*** Opening Source data ***

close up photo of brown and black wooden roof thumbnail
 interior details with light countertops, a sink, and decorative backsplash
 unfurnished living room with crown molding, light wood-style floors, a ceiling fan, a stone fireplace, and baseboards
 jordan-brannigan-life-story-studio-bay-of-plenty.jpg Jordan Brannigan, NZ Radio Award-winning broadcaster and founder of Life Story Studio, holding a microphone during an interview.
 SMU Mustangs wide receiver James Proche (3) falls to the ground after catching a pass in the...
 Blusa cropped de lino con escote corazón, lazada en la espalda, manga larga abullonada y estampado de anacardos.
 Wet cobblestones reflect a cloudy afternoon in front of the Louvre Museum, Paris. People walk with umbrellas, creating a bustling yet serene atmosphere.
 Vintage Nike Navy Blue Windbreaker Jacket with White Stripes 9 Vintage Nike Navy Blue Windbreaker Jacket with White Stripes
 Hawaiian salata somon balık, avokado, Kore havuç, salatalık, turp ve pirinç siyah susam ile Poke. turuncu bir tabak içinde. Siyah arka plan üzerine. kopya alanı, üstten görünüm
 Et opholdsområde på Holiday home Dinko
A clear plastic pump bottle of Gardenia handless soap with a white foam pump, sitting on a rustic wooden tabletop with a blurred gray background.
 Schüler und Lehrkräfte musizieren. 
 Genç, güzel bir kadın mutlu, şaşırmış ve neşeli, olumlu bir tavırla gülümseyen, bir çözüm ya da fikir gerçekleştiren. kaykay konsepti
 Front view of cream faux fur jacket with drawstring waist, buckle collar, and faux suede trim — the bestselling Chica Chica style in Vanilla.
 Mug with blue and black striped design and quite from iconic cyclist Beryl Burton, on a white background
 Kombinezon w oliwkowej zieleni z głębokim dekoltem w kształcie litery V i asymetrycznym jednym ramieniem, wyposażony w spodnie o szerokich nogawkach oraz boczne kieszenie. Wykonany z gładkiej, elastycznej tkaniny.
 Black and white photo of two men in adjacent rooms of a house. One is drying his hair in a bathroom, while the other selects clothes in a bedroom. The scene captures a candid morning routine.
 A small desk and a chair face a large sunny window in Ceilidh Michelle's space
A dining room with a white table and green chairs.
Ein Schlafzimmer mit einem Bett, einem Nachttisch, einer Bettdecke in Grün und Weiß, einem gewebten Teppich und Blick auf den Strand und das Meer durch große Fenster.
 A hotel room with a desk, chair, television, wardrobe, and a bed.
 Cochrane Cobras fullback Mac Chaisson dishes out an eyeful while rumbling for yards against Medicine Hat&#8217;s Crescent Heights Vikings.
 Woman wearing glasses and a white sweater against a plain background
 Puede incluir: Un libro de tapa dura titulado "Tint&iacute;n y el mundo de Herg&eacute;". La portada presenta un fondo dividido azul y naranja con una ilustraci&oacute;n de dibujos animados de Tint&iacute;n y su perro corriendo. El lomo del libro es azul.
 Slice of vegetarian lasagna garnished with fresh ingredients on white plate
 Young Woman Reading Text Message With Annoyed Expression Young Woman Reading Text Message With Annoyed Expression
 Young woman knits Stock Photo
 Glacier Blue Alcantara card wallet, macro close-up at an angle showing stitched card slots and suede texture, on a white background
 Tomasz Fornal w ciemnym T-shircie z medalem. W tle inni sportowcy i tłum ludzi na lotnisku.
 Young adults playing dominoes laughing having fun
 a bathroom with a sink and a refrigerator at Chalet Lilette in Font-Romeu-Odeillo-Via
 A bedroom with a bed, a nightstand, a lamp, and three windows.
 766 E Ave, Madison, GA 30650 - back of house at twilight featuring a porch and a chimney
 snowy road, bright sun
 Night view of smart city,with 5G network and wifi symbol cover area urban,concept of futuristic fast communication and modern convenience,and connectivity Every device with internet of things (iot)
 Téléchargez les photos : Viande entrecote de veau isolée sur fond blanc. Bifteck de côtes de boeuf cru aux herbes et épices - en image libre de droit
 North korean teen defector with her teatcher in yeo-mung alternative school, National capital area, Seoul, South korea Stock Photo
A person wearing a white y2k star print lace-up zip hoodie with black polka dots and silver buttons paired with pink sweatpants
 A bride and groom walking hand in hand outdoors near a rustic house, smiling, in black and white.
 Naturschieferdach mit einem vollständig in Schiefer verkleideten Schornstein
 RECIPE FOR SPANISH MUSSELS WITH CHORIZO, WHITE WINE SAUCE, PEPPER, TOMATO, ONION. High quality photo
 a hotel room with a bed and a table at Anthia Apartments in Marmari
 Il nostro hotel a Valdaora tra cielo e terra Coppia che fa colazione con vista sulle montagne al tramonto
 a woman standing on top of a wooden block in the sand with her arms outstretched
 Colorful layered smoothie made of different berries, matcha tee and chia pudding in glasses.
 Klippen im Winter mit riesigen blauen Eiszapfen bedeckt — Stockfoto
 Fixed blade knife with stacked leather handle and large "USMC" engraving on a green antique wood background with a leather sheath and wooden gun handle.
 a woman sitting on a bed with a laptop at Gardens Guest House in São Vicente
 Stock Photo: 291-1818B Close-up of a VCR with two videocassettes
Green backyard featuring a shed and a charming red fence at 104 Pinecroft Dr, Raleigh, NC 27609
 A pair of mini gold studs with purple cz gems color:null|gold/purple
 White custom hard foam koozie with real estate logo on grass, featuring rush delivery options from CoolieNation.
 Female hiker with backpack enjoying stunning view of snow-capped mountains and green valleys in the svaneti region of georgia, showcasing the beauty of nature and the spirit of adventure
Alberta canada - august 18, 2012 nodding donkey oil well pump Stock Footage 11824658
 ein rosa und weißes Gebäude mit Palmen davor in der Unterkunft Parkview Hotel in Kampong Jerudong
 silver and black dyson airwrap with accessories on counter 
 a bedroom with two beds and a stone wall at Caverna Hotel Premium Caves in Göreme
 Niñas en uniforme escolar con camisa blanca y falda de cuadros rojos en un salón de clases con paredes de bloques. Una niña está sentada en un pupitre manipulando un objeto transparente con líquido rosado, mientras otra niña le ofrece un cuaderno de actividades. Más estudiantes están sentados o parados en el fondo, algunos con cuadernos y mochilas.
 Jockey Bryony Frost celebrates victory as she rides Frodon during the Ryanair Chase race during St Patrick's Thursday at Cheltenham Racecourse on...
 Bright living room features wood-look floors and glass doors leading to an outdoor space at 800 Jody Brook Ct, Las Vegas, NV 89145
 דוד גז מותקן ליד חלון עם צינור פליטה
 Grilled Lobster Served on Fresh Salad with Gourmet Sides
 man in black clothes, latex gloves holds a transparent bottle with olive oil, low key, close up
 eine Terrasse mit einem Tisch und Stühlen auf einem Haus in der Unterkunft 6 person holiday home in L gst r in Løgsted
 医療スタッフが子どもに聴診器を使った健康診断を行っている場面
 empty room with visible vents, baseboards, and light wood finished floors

*** Closing Source data ***

- **Assigned task**
Answer by repeating every line of the listing exactly.

- **Result of this task**
close up photo of brown and black wooden roof thumbnail
 interior details with light countertops, a sink, and decorative backsplash
 unfurnished living room with crown molding, light wood-style floors, a ceiling fan, a stone fireplace, and baseboards
 jordan-brannigan-life-story-studio-bay-of-plenty.jpg Jordan Brannigan, NZ Radio Award-winning broadcaster and founder of Life Story Studio, holding a microphone during an interview.
 SMU Mustangs wide receiver James Proche (3) falls to the ground after catching a pass in the...
 Blusa cropped de lino con escote corazón, lazada en la espalda, manga larga abullonada y estampado de anacardos.
 Wet cobblestones reflect a cloudy afternoon in front of the Louvre Museum, Paris. People walk with umbrellas, creating a bustling yet serene atmosphere.
 Vintage Nike Navy Blue Windbreaker Jacket with White Stripes 9 Vintage Nike Navy Blue Windbreaker Jacket with White Stripes
 Hawaiian salata somon balık, avokado, Kore havuç, salatalık, turp ve pirinç siyah susam ile Poke. turuncu bir tabak içinde. Siyah arka plan üzerine. kopya alanı, üstten görünüm
 Et opholdsområde på Holiday home Dinko
A clear plastic pump bottle of Gardenia handless soap with a white foam pump, sitting on a rustic wooden tabletop with a blurred gray background.
 Schüler und Lehrkräfte musizieren. 
 Genç, güzel bir kadın mutlu, şaşırmış ve neşeli, olumlu bir tavırla gülümseyen, bir çözüm ya da fikir gerçekleştiren. kaykay konsepti
 Front view of cream faux fur jacket with drawstring waist, buckle collar, and faux suede trim — the bestselling Chica Chica style in Vanilla.
 Mug with blue and black striped design and quite from iconic cyclist Beryl Burton, on a white background
 Kombinezon w oliwkowej zieleni z głębokim dekoltem w kształcie litery V i asymetrycznym jednym ramieniem, wyposażony w spodnie o szerokich nogawkach oraz boczne kieszenie. Wykonany z gładkiej, elastycznej tkaniny.
 Black and white photo of two men in adjacent rooms of a house. One is drying his hair in a bathroom, while the other selects clothes in a bedroom. The scene captures a candid morning routine.
 A small desk and a chair face a large sunny window in Ceilidh Michelle's space
A dining room with a white table and green chairs.
Ein Schlafzimmer mit einem Bett, einem Nachttisch, einer Bettdecke in Grün und Weiß, einem gewebten Teppich und Blick auf den Strand und das Meer durch große Fenster.
 A hotel room with a desk, chair, television, wardrobe, and a bed.
 Cochrane Cobras fullback Mac Chaisson dishes out an eyeful while rumbling for yards against Medicine Hat&#8217;s Crescent Heights Vikings.
 Woman wearing glasses and a white sweater against a plain background
 Puede incluir: Un libro de tapa dura titulado "Tint&iacute;n y el mundo de Herg&eacute;". La portada presenta un fondo dividido azul y naranja con una ilustraci&oacute;n de dibujos animados de Tint&iacute;n y su perro corriendo. El lomo del libro es azul.
 Slice of vegetarian lasagna garnished with fresh ingredients on white plate
 Young Woman Reading Text Message With Annoyed Expression Young Woman Reading Text Message With Annoyed Expression
 Young woman knits Stock Photo
 Glacier Blue Alcantara card wallet, macro close-up at an angle showing stitched card slots and suede texture, on a white background
 Tomasz Fornal w ciemnym T-shircie z medalem. W tle inni sportowcy i tłum ludzi na lotnisku.
 Young adults playing dominoes laughing having fun
 a bathroom with a sink and a refrigerator at Chalet Lilette in Font-Romeu-Odeillo-Via
 A bedroom with a bed, a nightstand, a lamp, and three windows.
 766 E Ave, Madison, GA 30650 - back of house at twilight featuring a porch and a chimney
 snowy road, bright sun
 Night view of smart city,with 5G network and wifi symbol cover area urban,concept of futuristic fast communication and modern convenience,and connectivity Every device with internet of things (iot)
 Téléchargez les photos : Viande entrecote de veau isolée sur fond blanc. Bifteck de côtes de boeuf cru aux herbes et épices - en image libre de droit
 North korean teen defector with her teatcher in yeo-mung alternative school, National capital area, Seoul, South korea Stock Photo
A person wearing a white y2k star print lace-up zip hoodie with black polka dots and silver buttons paired with pink sweatpants
 A bride and groom walking hand in hand outdoors near a rustic house, smiling, in black and white.
 Naturschieferdach mit einem vollständig in Schiefer verkleideten Schornstein
 RECIPE FOR SPANISH MUSSELS WITH CHORIZO, WHITE WINE SAUCE, PEPPER, TOMATO, ONION. High quality photo
 a hotel room with a bed and a table at Anthia Apartments in Marmari
 Il nostro hotel a Valdaora tra cielo e terra Coppia che fa colazione con vista sulle montagne al tramonto
 a woman standing on top of a wooden block in the sand with her arms outstretched
 Colorful layered smoothie made of different berries, matcha tee and chia pudding in glasses.
 Klippen im Winter mit riesigen blauen Eiszapfen bedeckt — Stockfoto
 Fixed blade knife with stacked leather handle and large "USMC" engraving on a green antique wood background with a leather sheath and wooden gun handle.
 a woman sitting on a bed with a laptop at Gardens Guest House in São Vicente
 Stock Photo: 291-1818B Close-up of a VCR with two videocassettes
Green backyard featuring a shed and a charming red fence at 104 Pinecroft Dr, Raleigh, NC 27609
 A pair of mini gold studs with purple cz gems color:null|gold/purple
 White custom hard foam koozie with real estate logo on grass, featuring rush delivery options from CoolieNation.
 Female hiker with backpack enjoying stunning view of snow-capped mountains and green valleys in the svaneti region of georgia, showcasing the beauty of nature and the spirit of adventure
Alberta canada - august 18, 2012 nodding donkey oil well pump Stock Footage 11824658
 ein rosa und weißes Gebäude mit Palmen davor in der Unterkunft Parkview Hotel in Kampong Jerudong
 silver and black dyson airwrap with accessories on counter 
 a bedroom with two beds and a stone wall at Caverna Hotel Premium Caves in Göreme
 Niñas en uniforme escolar con camisa blanca y falda de cuadros rojos en un salón de clases con paredes de bloques. Una niña está sentada en un pupitre manipulando un objeto transparente con líquido rosado, mientras otra niña le ofrece un cuaderno de actividades. Más estudiantes están sentados o parados en el fondo, algunos con cuadernos y mochilas.
 Jockey Bryony Frost celebrates victory as she rides Frodon during the Ryanair Chase race during St Patrick's Thursday at Cheltenham Racecourse on...
 Bright living room features wood-look floors and glass doors leading to an outdoor space at 800 Jody Brook Ct, Las Vegas, NV 89145
 דוד גז מותקן ליד חלון עם צינור פליטה
 Grilled Lobster Served on Fresh Salad with Gourmet Sides
 man in black clothes, latex gloves holds a transparent bottle with olive oil, low key, close up
 eine Terrasse mit einem Tisch und Stühlen auf einem Haus in der Unterkunft 6 person holiday home in L gst r in Løgsted
 医療スタッフが子どもに聴診器を使った健康診断を行っている場面
 empty room with visible vents, baseboards, and light wood finished floors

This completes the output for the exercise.